Now the world is awash in Goldman Sachs stories. If you have no idea what they are talking about. Credit Slips explains an Abacus CDO in English (semi):
A CDO is more or less a hedge fund. It's an actively managed, unregulated investment fund. The assets can be anything. In the case of the Abacus 2007-ACA deal, the assets were a portfolio of credit default swaps (CDS). The Abacus CDO was the securitization of a bunch of CDS positions (if it has cash flow, it can be securitized).
The Abacus CDO was selling CDS protection on a bunch of dodgy mortgage-backed securities. As long as there was not a credit event (however defined) with the MBS, the protection buyer (John Paulson) would pay protection premiums to the CDO. If a credit event occurred, however, the payment flow would reverse, and the CDO would pay Paulson. Presumably in this deal, Paulson did not own the MBS; he was using the CDS to take a short position on the MBS, with the CDO (and ultimately its investors) taking the long position.
Goldman, the SEC alleges, constructed the CDO as a bespoke deal for Paulson, so there would be someone taking the long position against his short. Goldman took a nice fee for this and is alleged to also have taken a short position (I'm not clear at this point if it was short on the MBS or if it bought CDS protection on the Abacus CDO, thereby taking a short position on the CDO, which is a derivative bet on Paulson's short).
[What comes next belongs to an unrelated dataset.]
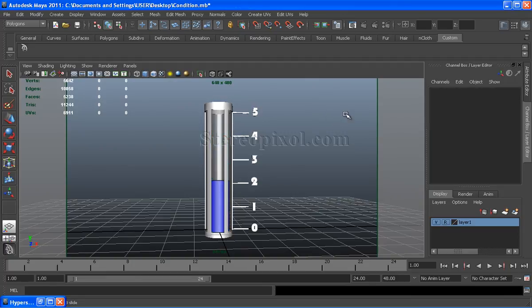That is all about condition node. We can use this node for creating complex shading group networks. Hope you have enjoyed this tutorial. Thank you.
Bloomberg, who is going full tilt boogie on the Goldman Sachs fraud investigation, has a good article explaining what an Abacus is and how it was front loaded like bad dice in a craps game.
Abacus deals were filled with default swaps that offered payouts to Goldman Sachs if certain mortgage bonds didn’t pay as promised, in return for regular premiums from the bank.
If you believe that Goldman Sachs, or other financial institutions, say JP Morgan Chase for example, just made up one and only one of these synthetic/hybrid CDO time bombs, think again.
In 2006 and 2007, the distinction between synthetic mortgage-bond CDOs and “cash” ones, or those made only of actual debt, broke down as “hybrid” deals, filled with both securities and credit swaps, began to dominate the market, meaning that almost every major bank was underwriting CDOs filled in part with their own bets against homeowners.
Pretty amazing huh, that the great financial innovation was loading up a securitized package of stuff with guaranteed profit payout if the very thing you're peddling to investors goes bust?
Ya think this should be legal? Well, if ya think that, then I believe I should be able to go to Las Vegas and technologically rig the roulette wheel to guarantee the ball comes up on my number too.
Speaking of technology, believe this or not, I have seen very little, in terms of the actual mathematics, structuring, computational complexity, verification, approval end to regulate these financial products. If someone manipulates mathematical models, hides these rigged games so no one can see it, why in God's name are they not banned? Why do they not have to go through a regulation process, similar to the FDA? We don't let people make black tar heroin for sale on the streets, so why are snake oil salesman allowed to put these things together and peddle them in the first place?
It is the products themselves which need to be approved, regulated and investigated before sale. You wouldn't let a car with an engine guaranteed to blow up be sold in the United States, so why ignore the sale of financial time bombs?